» Records to process:
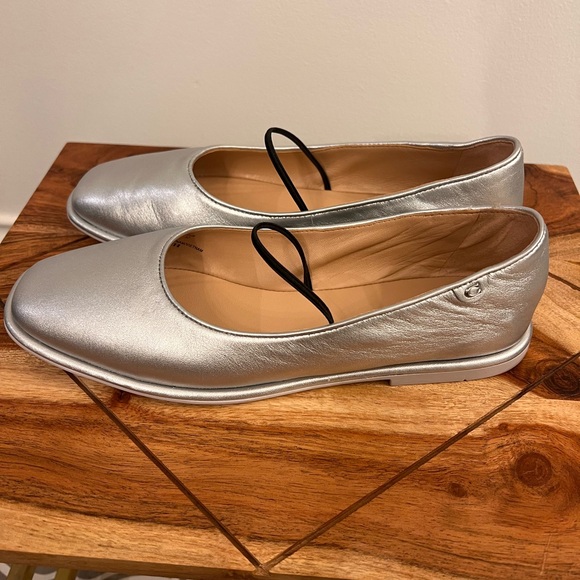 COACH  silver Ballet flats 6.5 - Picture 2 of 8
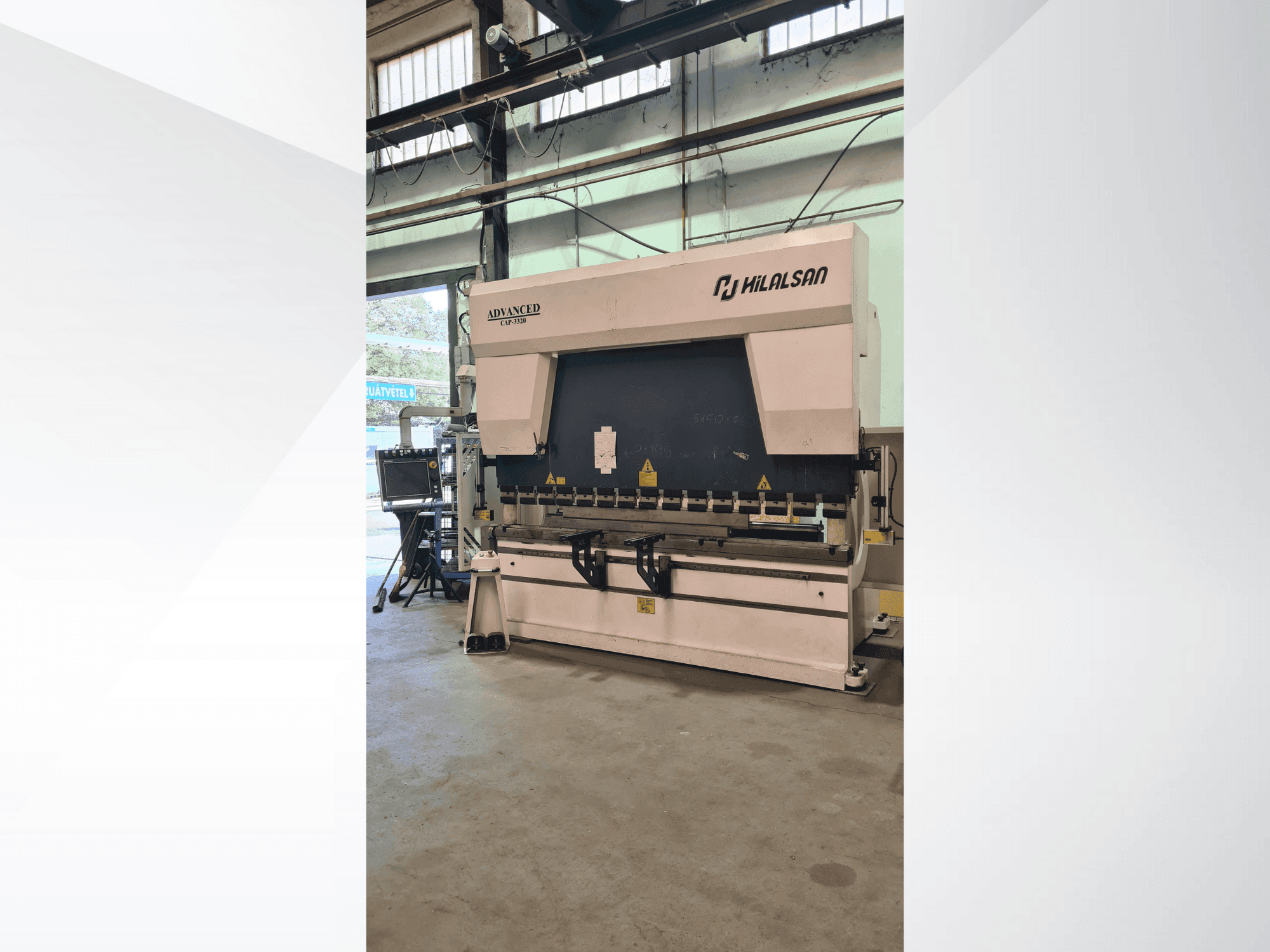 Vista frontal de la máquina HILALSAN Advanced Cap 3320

* * *

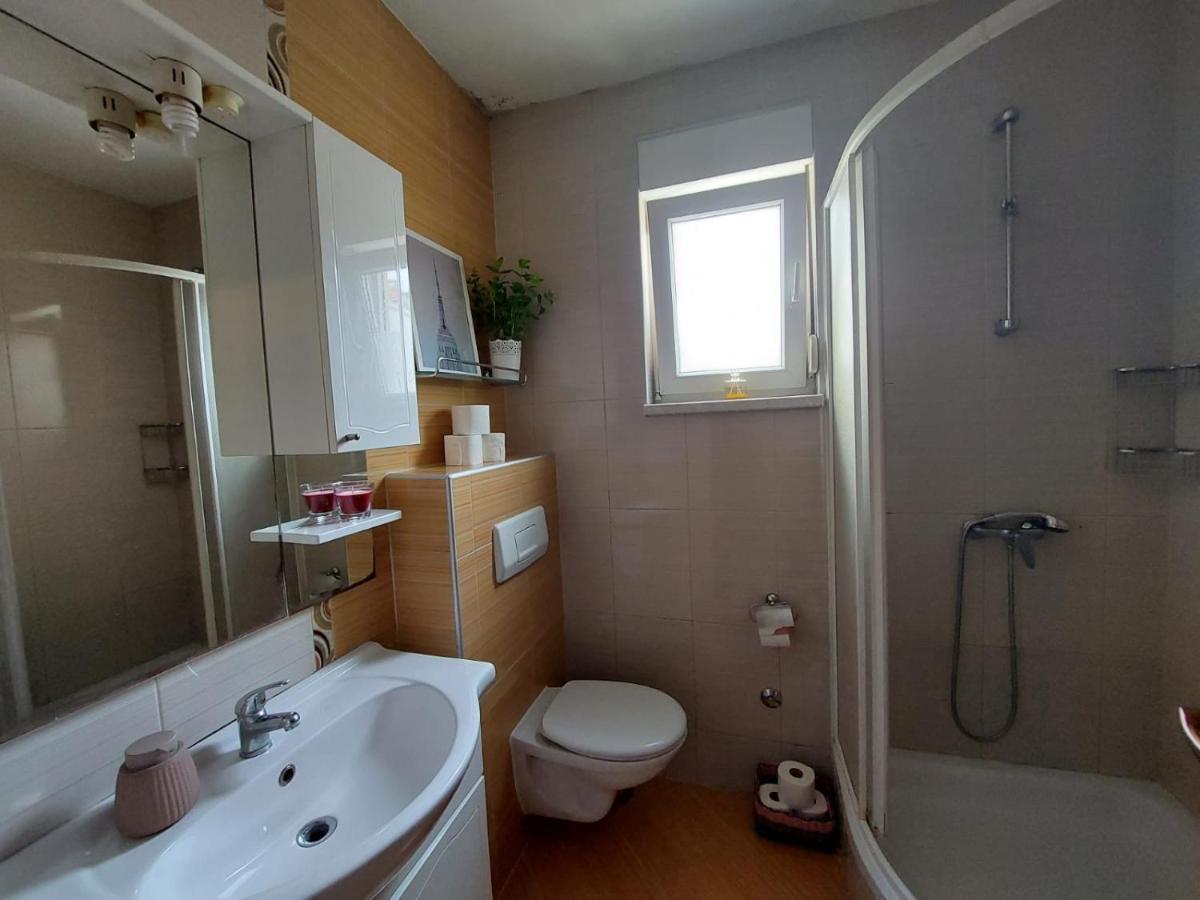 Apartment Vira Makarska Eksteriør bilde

» Brief: Within the listing above, write out the stretch from the line with "Picture 2 of 8" through the line with "Vista frontal de" exactly. Any pictures are to be left out.

» Solution to the problem:
 COACH  silver Ballet flats 6.5 - Picture 2 of 8
 Vista frontal de la máquina HILALSAN Advanced Cap 3320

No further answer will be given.